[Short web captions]
- - - - - - -
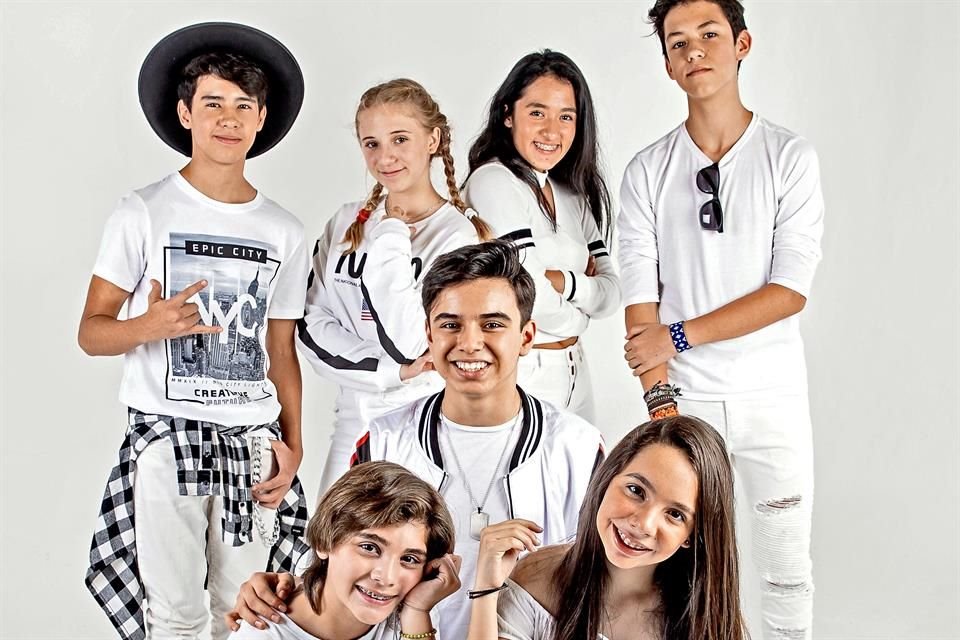 'Es Por Ti2' actualmente rebasa las 4 mil visitas en YouTube.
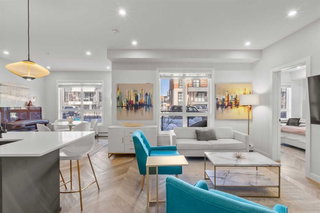 109 - 4275 Norford Avenue NW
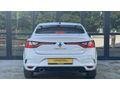 TÜRKMENOĞLU'NDAN DEĞİŞENSİZ 2016 MEGANE 1.5DCİ TOUCH EDC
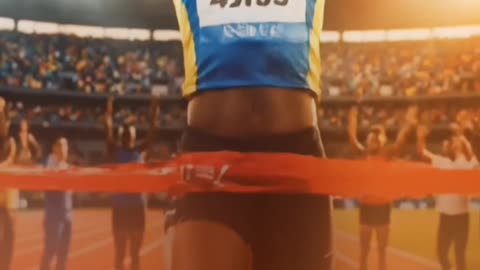 How to Endure Hardships for Success For Everyone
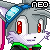 Neotailz's avatar
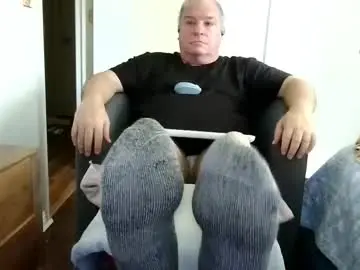 Chaturbate Adult Video Chat of mackdocc001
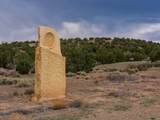 345 New Moon Overlook Road - Photo 11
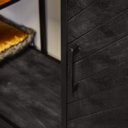 Vakkenkast New York - 160cm - Starfurn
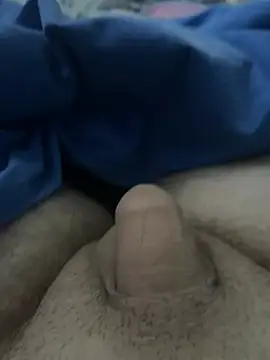 matteo955 online show from 4, 4, 2026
- - - - - - -
§ Exercise
From the first line above to the last, copy the records exactly but omit the pictures.

§ Exercise output
 'Es Por Ti2' actualmente rebasa las 4 mil visitas en YouTube.
 109 - 4275 Norford Avenue NW
 TÜRKMENOĞLU'NDAN DEĞİŞENSİZ 2016 MEGANE 1.5DCİ TOUCH EDC
 How to Endure Hardships for Success For Everyone
 Neotailz's avatar
 Chaturbate Adult Video Chat of mackdocc001
 345 New Moon Overlook Road - Photo 11
 Vakkenkast New York - 160cm - Starfurn
 matteo955 online show from 4, 4, 2026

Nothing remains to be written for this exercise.